BIRCH
Local BLAST Databases
  Disk space and updates

April 25, 2016


To help guide decision-making in managing your local databases, the BIRCH Administration Tool (birchadmin) can generate spreadsheets listing sizes and modification dates for both the local copies of databases, and their counterparts on a remote FTP site. The choice of presenting these reports as spreadsheets means that you can use the spreadsheets to find out how much space will be needed for a given choice of databases. To generate these reports, first launch birchadmin from the BIRCH launcher using File --> birchadmin, or by typing 'birchadmin' at the command line.

Next, choose UpdateAddInstall --> Reports on local or remote BLAST databases

To generate a report on the local copy of the databases, choose Report: Local Databases. Note: The Directory field in this menu cannot be changed. It is there solely as a placeholder to indicate the location of the BLASTDB directory.

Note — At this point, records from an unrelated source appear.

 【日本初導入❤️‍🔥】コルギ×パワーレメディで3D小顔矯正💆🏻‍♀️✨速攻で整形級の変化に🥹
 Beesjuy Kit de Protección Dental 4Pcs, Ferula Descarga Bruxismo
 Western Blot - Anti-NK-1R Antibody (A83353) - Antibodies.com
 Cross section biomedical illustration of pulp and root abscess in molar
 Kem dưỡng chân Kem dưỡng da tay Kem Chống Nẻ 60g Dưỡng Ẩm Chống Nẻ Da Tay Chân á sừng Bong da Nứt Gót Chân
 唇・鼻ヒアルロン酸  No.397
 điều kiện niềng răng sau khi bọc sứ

To generate a report on a remote copy of the databases, first select the FTP site. It is strongly recommended to generate the report from the same FTP site you plan to download files from. Although mirror FTP sites are supposed to be synchronized, that may not be guaranteed shortly after new versions of files are released. Generally, it is best to download from the site that is closest, geographically, to your location.

Once you have chosen an FTP site, click on Report: FTP database.

Report on your Local BLAST databases.
Once you click on the Report button, the files in the local BLAST database will be checked, and output will be sent to a Tab-Separated Value (.tsv) file called localstats.tsv, written to your BLASTDB directory. This file will automatically open in your default spreadsheet program (eg. LibreOffice Calc.). You will usually be prompted to verify that the Tab character is the separator used in this file. Click on OK to continue.

An example of the spreadsheet is shown at right. Disk space statistics for the filesystem in which the Database Directory resides are given in row 4.

Next, the disk usage for each database are displayed. The database name is the NCBI code for each database. The size in Mb refers to the total size taken by all files in a given database, in megabytes. The Last Update column is the date and time at which the local copy of the database was last modified.

For example, filenames in the non-redundant nucleotide database all begin with the prefix 'nt', as shown in the directory listing below. Large databases such as nt are broken up into parts numbered 00, 01, 02 etc. For each part, there are a number of files including annotation, index files, and sequence files eg. nt.00.nsq. Each part of the database also includes an MD5 checksum, that is used to verify that a given part of the database downloaded correctly.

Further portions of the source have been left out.